I headed off to locate the other sites. The intersection of what I thought was Corbett and Sheridan (actually Water and Sheridan) lined up in an industrial way station surrounded by fences tucked under highway overpasses. It looked like an area stray teeth could be found. The street post was surrounded by dirt and gravel with little concrete, besides the curb, that would have secured teeth for any time. I could have searched more but I had already gotten lucky enough to discover one good denture story and there was no one in the vicinity to offer another.
I walked past the west side of the Ross Island bridge, another possible location. There was no indication besides slabs of concrete in line for an upgrade. I noticed possible cavity fill from whatever industrial dentistry may have been performed to remove dentures that may have been there. As I walked down SW Kelly Street past signs posted about a missing cat named Dexter, I reached the last location, the intersection of SW Water Street and SW Abernathy near Barbur Boulevard. The area was over grown, with sidewalk moss that would have a required a giant toothbrush to clear it away. There seemed to be little chance to spot teeth in this concrete.
I’d already accomplished more than I thought I would. With my brain full of images of broken down sidewalks, my ears full of the traffic swishing sounds, I caught the last glimpses of the setting sun’s splashes of autumnal hues cast against a late afternoon sky while walking through the shadows of the urban neighborhood to my car.

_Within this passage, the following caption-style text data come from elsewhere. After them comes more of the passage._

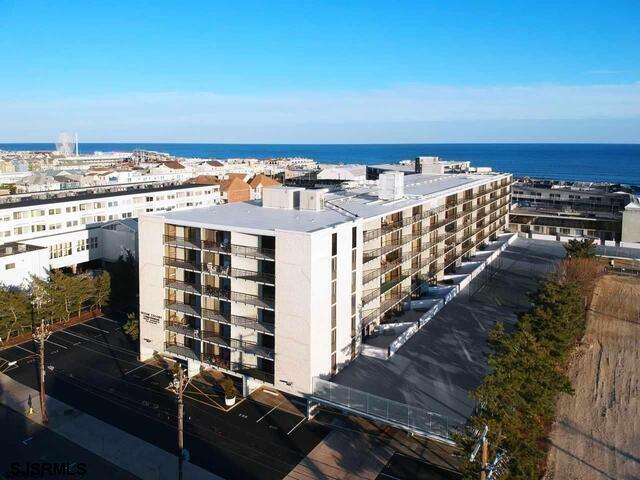 935 Ocean — photo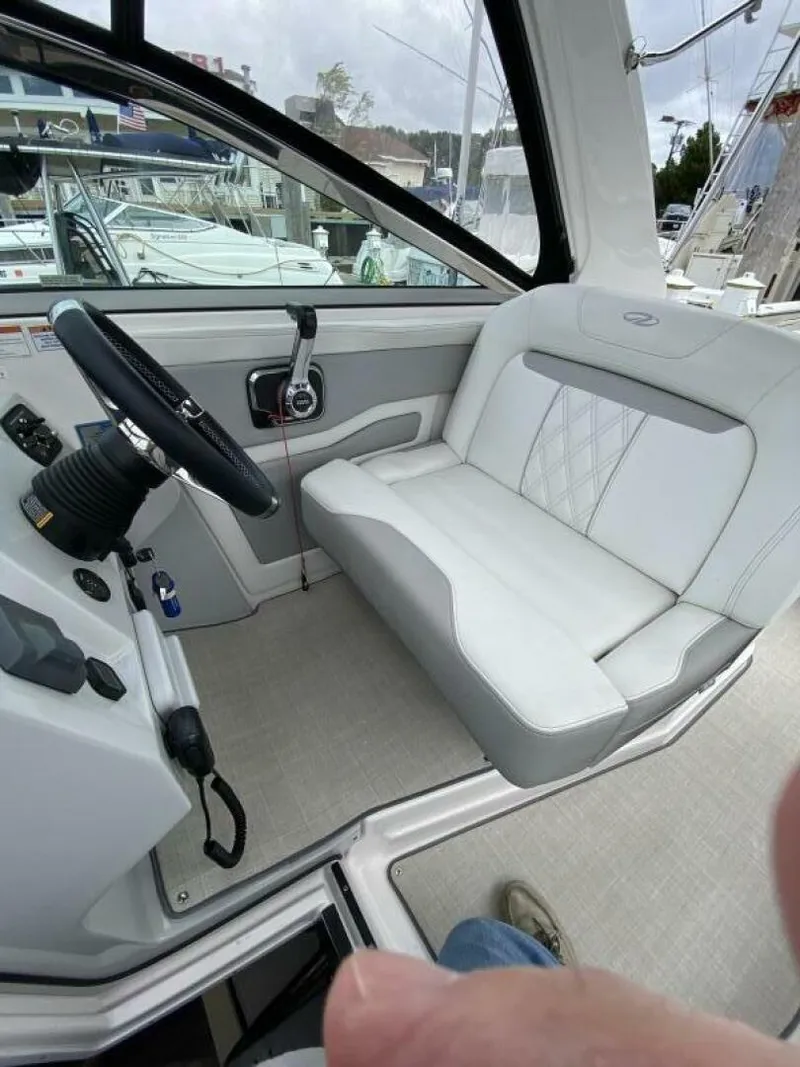 Slide: The Image of Regal 28 Express 2020 - 4928736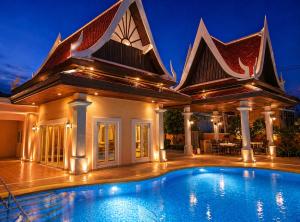 Pattaya 5BR Pool Villa Sleeps 10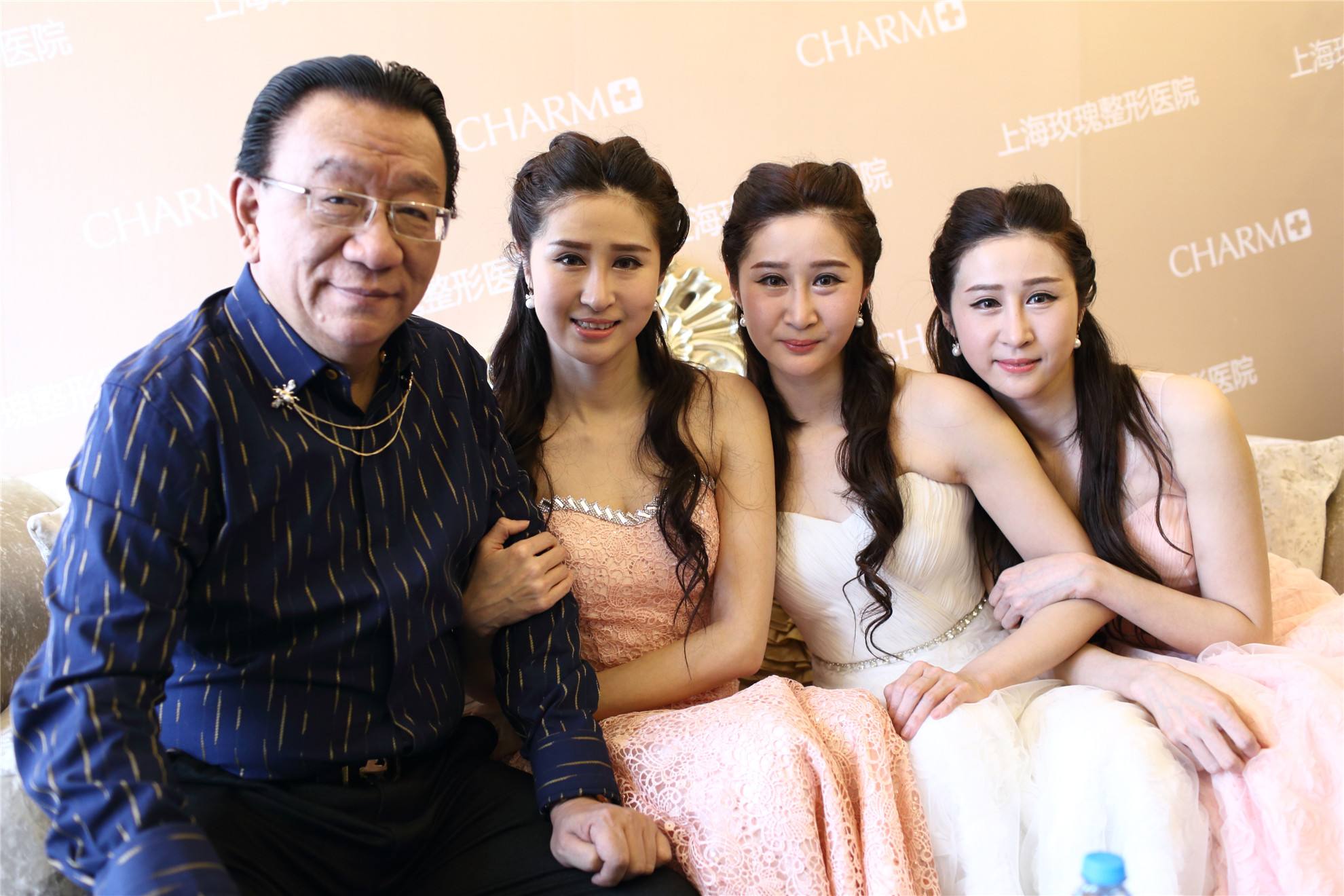 自称三国混血的安娜金和侯耀华三胞胎外甥女做的是同款脸吧?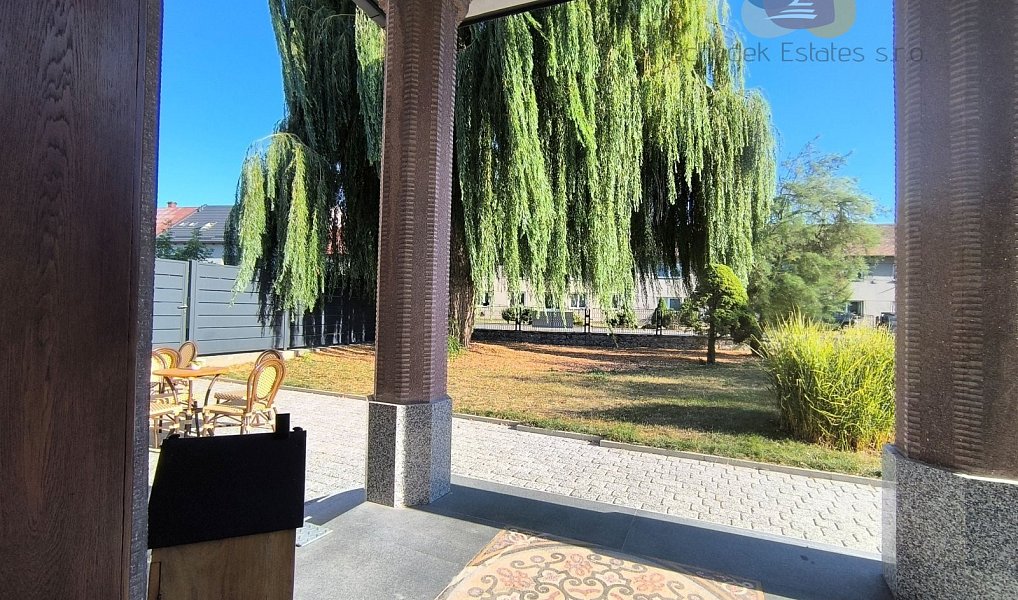 Prodej ubytovacího objektu 690 m², Hněvotín – náhled fotky 36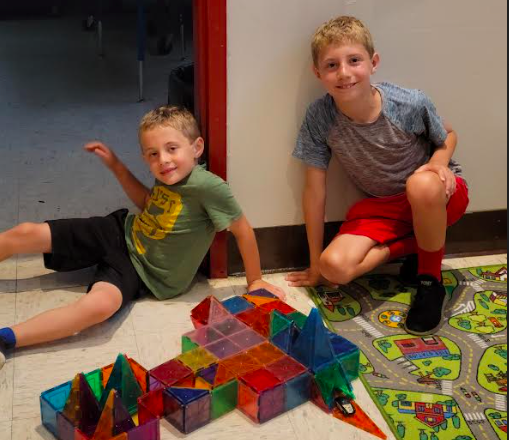 Brothers building with Magna Tiles!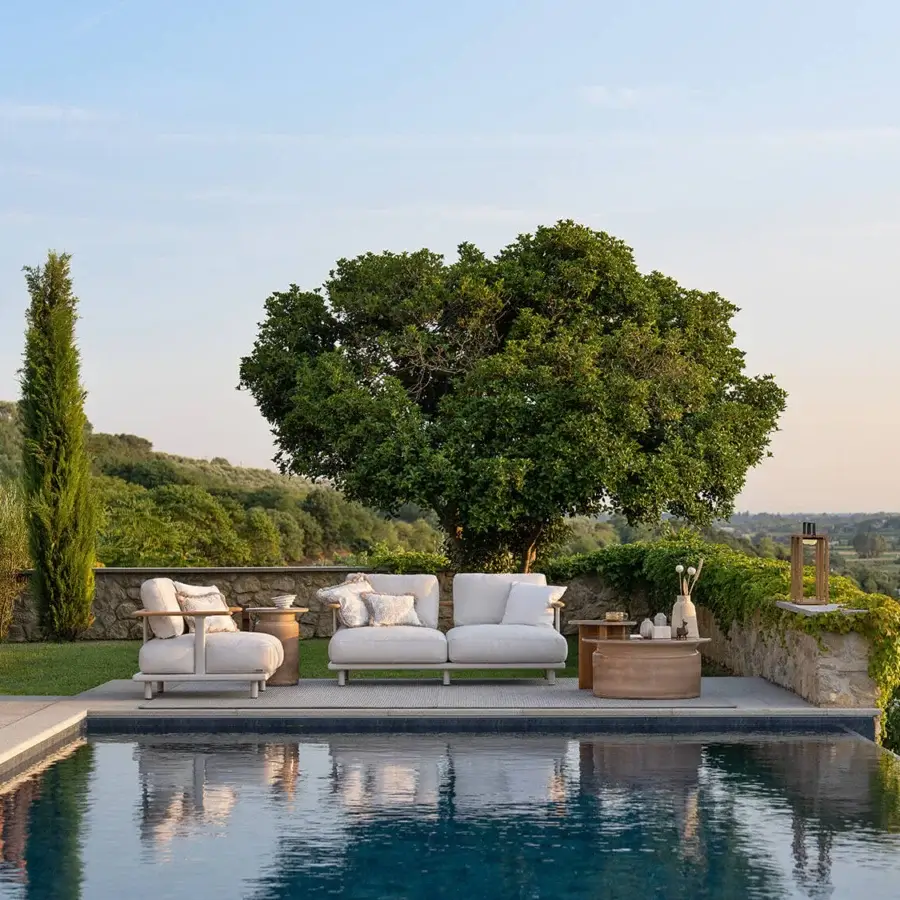 Exceptional Atmosphera Bliss sofa with a curved backrest, natural teak armrests and light beige woven outdoor upholstery in Gesso aluminum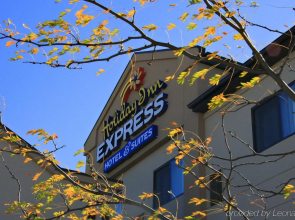 Holiday Inn Express & Suites South - Lincoln by IHG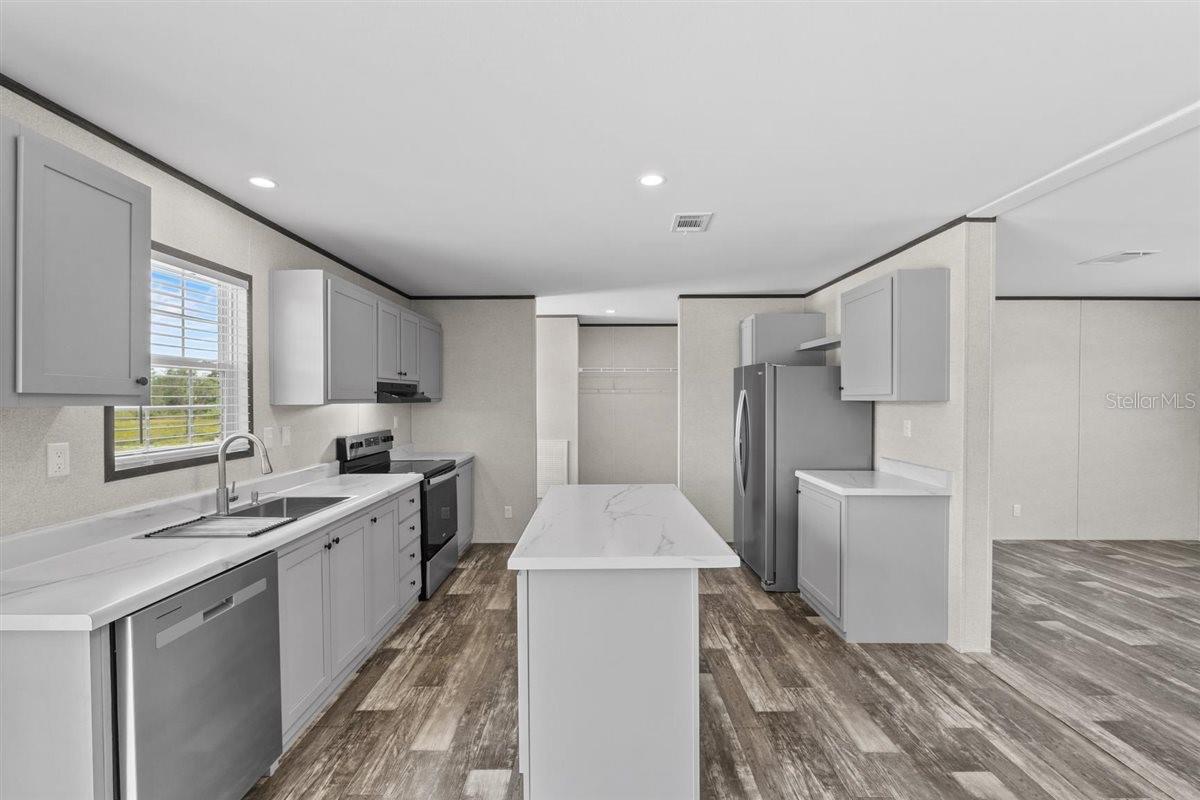 Image 16 of 36 For 11975 227th Place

I still had questions. I never had a sense of how many dentures were planted. While wandering around it occurred to me that I would have planted hundreds of dentures as a spider unleashes hundreds of babies onto the world hoping that like the spiders some of the installed teeth would survive. I thought about how the teeth were placed in the sidewalk. It couldn’t have been easy to chop up concrete and then seal up the dentures. One answered question took the sting out of the remaining mysteries. A day later Jesse sent an email that included the promised photograph. I saw it the morning after he sent it and it made my day. Something felt magical when I received that evidence along with experiencing a Portland neighborhood I’d never seen, meeting a receptive neighbor and hearing a story of a long ago punk rock show. I had a boost of civic pride. There could have been magic in those teeth. They gave me hope that Portland will always have pockets of weirdness to be discovered.